The employer decided to relocate the team which the member was working on to another location on site. There were no toilet facilities in the immediate vicinity of the new workplace/station.
The member had submitted a DDA claim to the ET. The BU requested general advice on arguments to be advanced at the hearing.
Key advice provided by Thompsons
Thompsons provided advice on a number of points on definitions of disability, less favourable treatment and victimisation.
In addition detailed advice was given around the question of reasonable adjustments and how any arguments may apply in this particular case. This included the following paragraph which summarises what Section 5(2) of the DDA says in relation to reasonable adjustments:
"Under Section 5(2) of the DDA, an employer must make reasonable adjustments to prevent a disabled worker from suffering a substantial disadvantage as a result of the employer's arrangements or premises. Whether a particular adjustment is reasonable will depend on a number of factors including cost, practicality, effect on service, extent of benefit to worker, resources of employer and whether there is financial help available."

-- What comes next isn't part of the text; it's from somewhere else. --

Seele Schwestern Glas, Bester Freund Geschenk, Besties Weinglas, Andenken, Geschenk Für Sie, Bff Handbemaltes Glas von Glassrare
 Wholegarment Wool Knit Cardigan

The advice went on to look at the question of what it may be possible to consider by way of reasonable adjustments in the context of the actual case. The following comments are recorded:
"Given that Ms X's Team was to be relocated to another part of the site, adjustments that could have been made would have included the following:
Reversing the decision to move the team to this part of the site. This is unlikely to have been a "reasonable" adjustment. There appears to have been strategic/logistical reasons for this relocation, and the DDA would not normally oblige an employer to cancel an entire departmental move for the sake of one employee".
Allowing Ms X to continue working for the Team, but from her old office base. Both parties appear to agree that this would have been impractical and undesirable.
Offering Ms X the opportunity to be redeployed to other posts. The various posts initially suggested by HMPS appeared to be unsuitable and there is no evidence that Ms P had herself identified any other posts to which she would have wished to be redeployed.
Adjusting the new work location so as to reduce the difficulty that Ms X would experience in attempting to access toilet facilities.
On the papers available, this last potential adjustment does not seem to have been fully explored. As I understand it, Ms X's trade union representative had argued throughout the internal proceedings that management ought to look at the feasibility of providing toilet facilities on site. There is no evidence however that managers did indeed address their minds to this option. Specifically there is no evidence that management carried out any sort of assessment of the costs and/or practicality of undertaking this work. Nor were the Access to Work scheme asked to look at this option.
In the absence of the department being able to show that they did adequately consider this option, I believe that this last point provides Ms X's claim with a reasonable prospect of success."
Legal Department comment
Hopefully, the above advice provides officials with some help when considering what factors apply in relation to arguments around reasonable adjustments.
The advice provided above follows on from that given in Bulletin No 1 (case 1.1 refers) which highlighted comments made by Thompsons on how the Act applies and what needs to be considered when assessing if an applicant has a disability as defined by the Act. Future bulletins will pick up other advice provided by Thompsons on how the DDA applies.